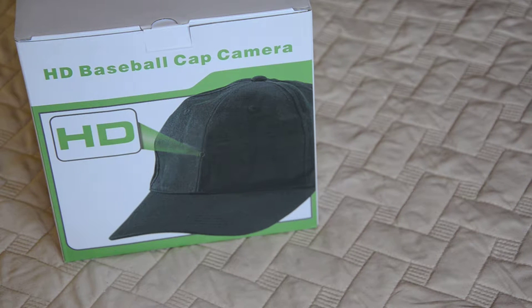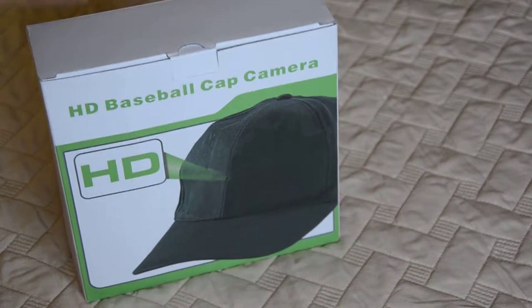Hi everybody! I want to show you my new HD baseball cap — it's a camera! HD quality, which I will show you in my video, what I took with this cap.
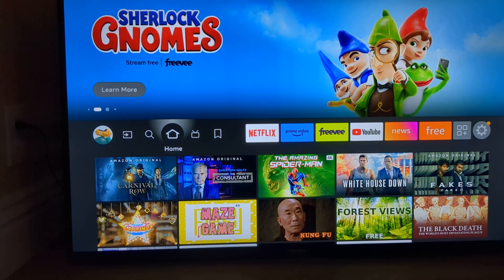Hello, ScoreHolio organizers. This is Ben with ScoreHolio. I'm going to show you how to project your tournament up onto a TV.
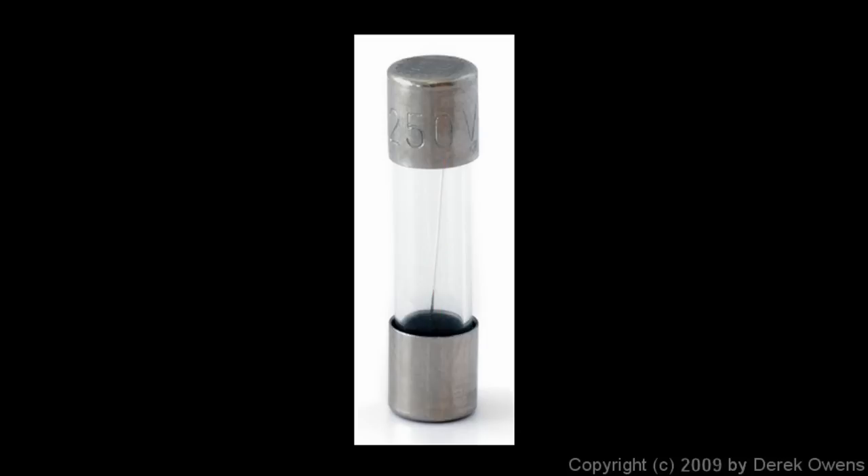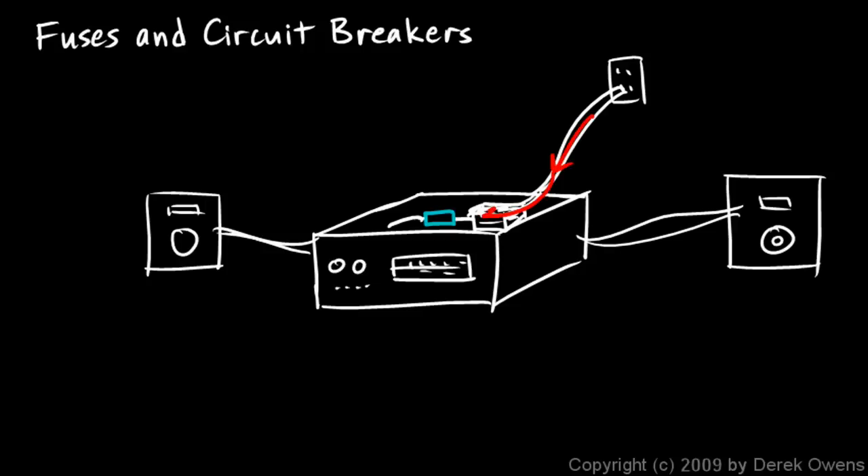This wire is deliberately designed to melt very easily — it's a wire with a low melting point. If too much electricity comes in, the fuse will melt. Once the fuse melts, the circuit is broken and electricity can't get to the other side. You don't want too much electricity getting through to the expensive parts of your stereo. So the fuse is designed to fail — that's its purpose. It's designed to get ruined before anything else does, because the fuse is very cheap. You can buy a new fuse for 50 cents, which is far better than spending $1,000 to replace your stereo. A fuse protects an electrical device by failing — by melting — before the more expensive parts fail.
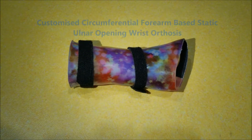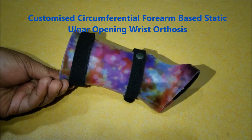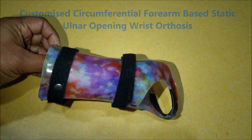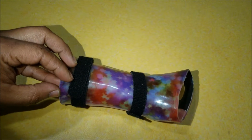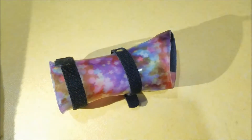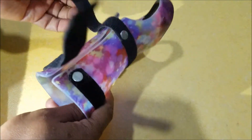This is a customized circumferential forearm-based static ulnar opening wrist orthosis. It is generally known as a static wrist support and circumferential working splint, as this splint allows you to perform daily activities. This orthosis is made up of super flexible polyethylene.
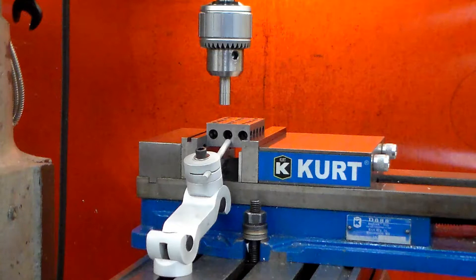In this quick video, I'm going to show you how to accurately locate the datum surfaces on your part while using an edge finder.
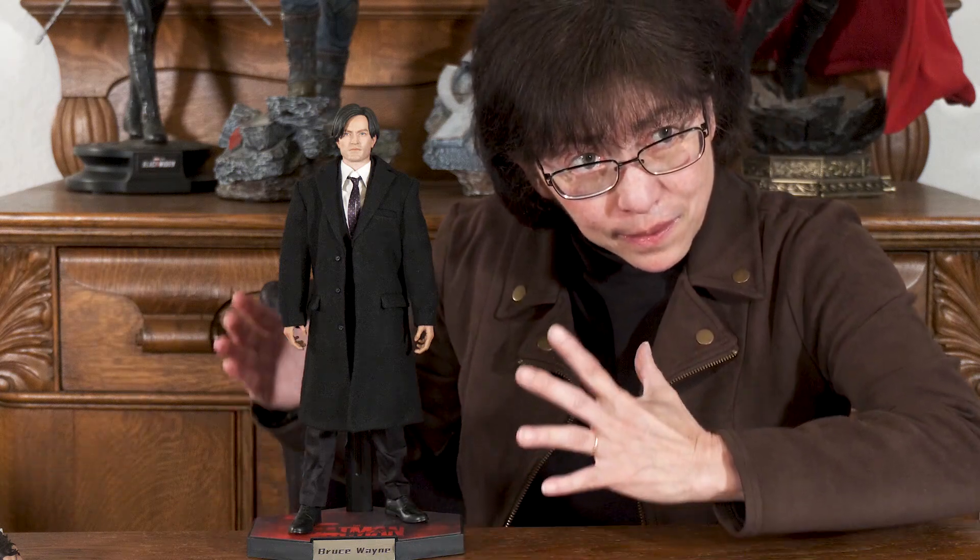Welcome to another episode on our channel. In our last episode, I unboxed this figure from Daft Toys — Bruce Wayne, Robert Pattinson — and I gave you guys a fair warning that the head was probably going to be not good, and it truly is not good.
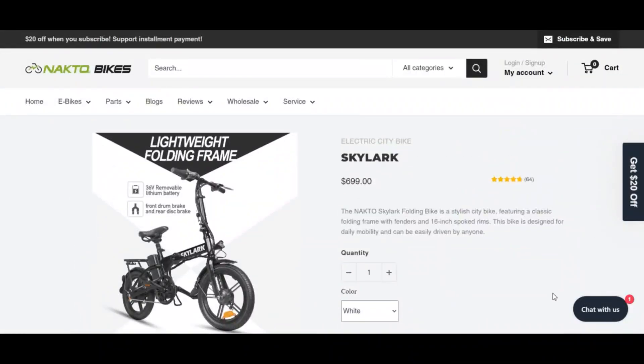Do comment your thoughts about this bike. Please like this video, and if you haven't subscribed to my channel yet, please subscribe and hit the bell icon.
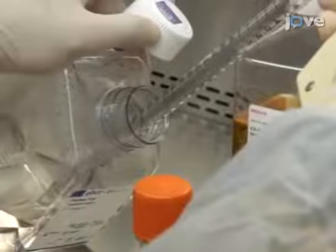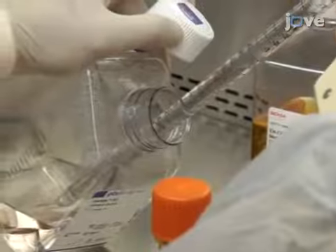Prepare fresh culture medium for a 30 milliliter culture by withdrawing 26 milliliters of medium A.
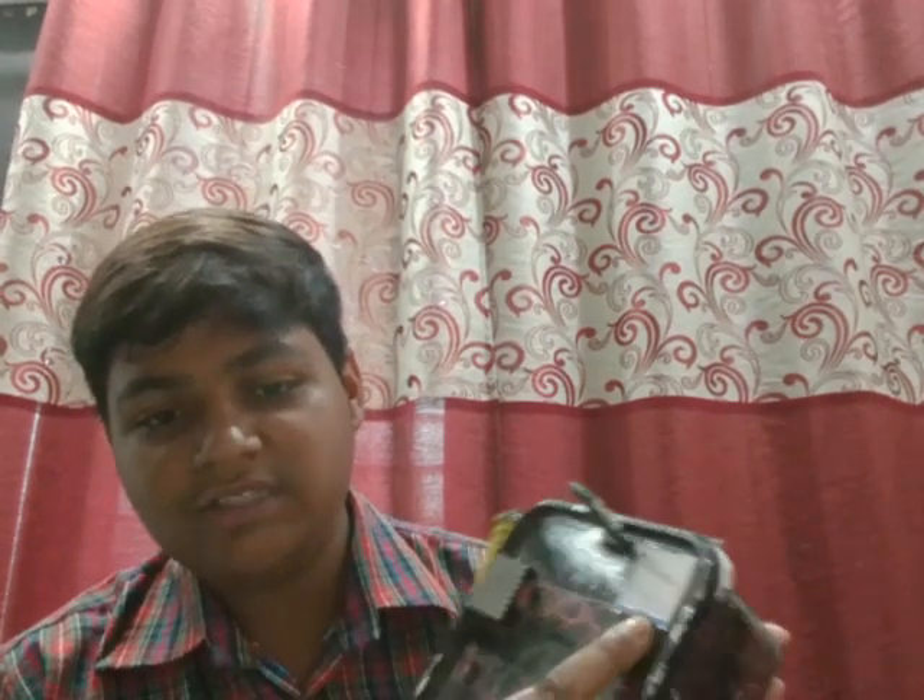There is one case in which all the things essential for alert situations — like bandage, medical supplies like Dettol etc. — can be placed. There is a touch display which can be used to navigate or use this device.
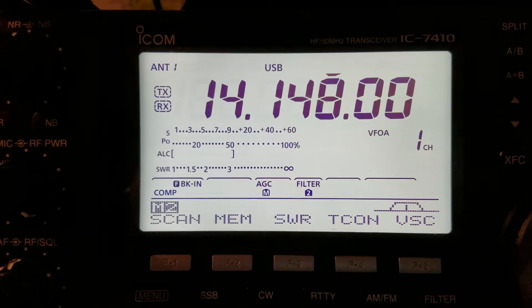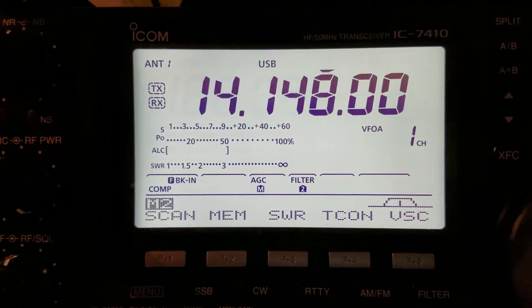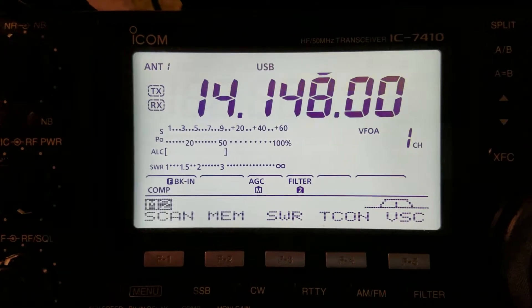This is what it should sound like without power poll noise. Notice the S-meter is at S-0, with occasional atmospheric ticks.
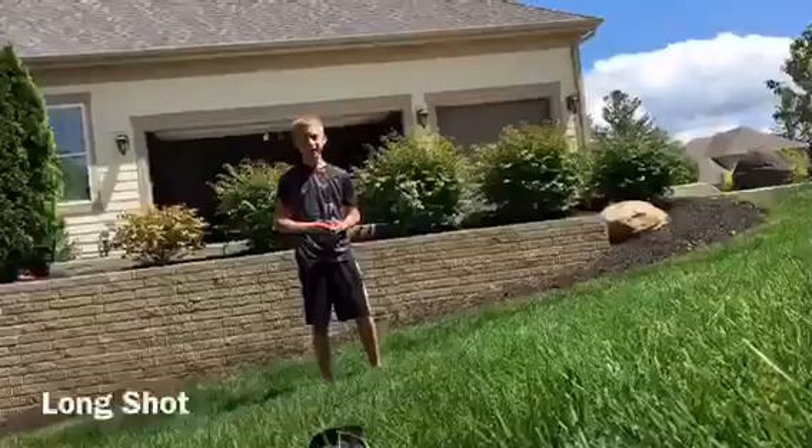Yo, what's going on guys! Today we're gonna be doing mini football trick shots. Let's get started!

> _WORK TO BE COMPLETED_: What is needed is a verbatim transcription of the records, minus the pictures.

> _TASK ANSWER_:
Hi everybody! I want to show you my new HD baseball cap — it's a camera! HD quality, which I will show you in my video, what I took with this cap.
Hello, ScoreHolio organizers. This is Ben with ScoreHolio. I'm going to show you how to project your tournament up onto a TV.
This wire is deliberately designed to melt very easily — it's a wire with a low melting point. If too much electricity comes in, the fuse will melt. Once the fuse melts, the circuit is broken and electricity can't get to the other side. You don't want too much electricity getting through to the expensive parts of your stereo. So the fuse is designed to fail — that's its purpose. It's designed to get ruined before anything else does, because the fuse is very cheap. You can buy a new fuse for 50 cents, which is far better than spending $1,000 to replace your stereo. A fuse protects an electrical device by failing — by melting — before the more expensive parts fail.
This is a customized circumferential forearm-based static ulnar opening wrist orthosis. It is generally known as a static wrist support and circumferential working splint, as this splint allows you to perform daily activities. This orthosis is made up of super flexible polyethylene.
In this quick video, I'm going to show you how to accurately locate the datum surfaces on your part while using an edge finder.
Welcome to another episode on our channel. In our last episode, I unboxed this figure from Daft Toys — Bruce Wayne, Robert Pattinson — and I gave you guys a fair warning that the head was probably going to be not good, and it truly is not good.
Do comment your thoughts about this bike. Please like this video, and if you haven't subscribed to my channel yet, please subscribe and hit the bell icon.
Prepare fresh culture medium for a 30 milliliter culture by withdrawing 26 milliliters of medium A.
There is one case in which all the things essential for alert situations — like bandage, medical supplies like Dettol etc. — can be placed. There is a touch display which can be used to navigate or use this device.
This is what it should sound like without power poll noise. Notice the S-meter is at S-0, with occasional atmospheric ticks.
Yo, what's going on guys! Today we're gonna be doing mini football trick shots. Let's get started!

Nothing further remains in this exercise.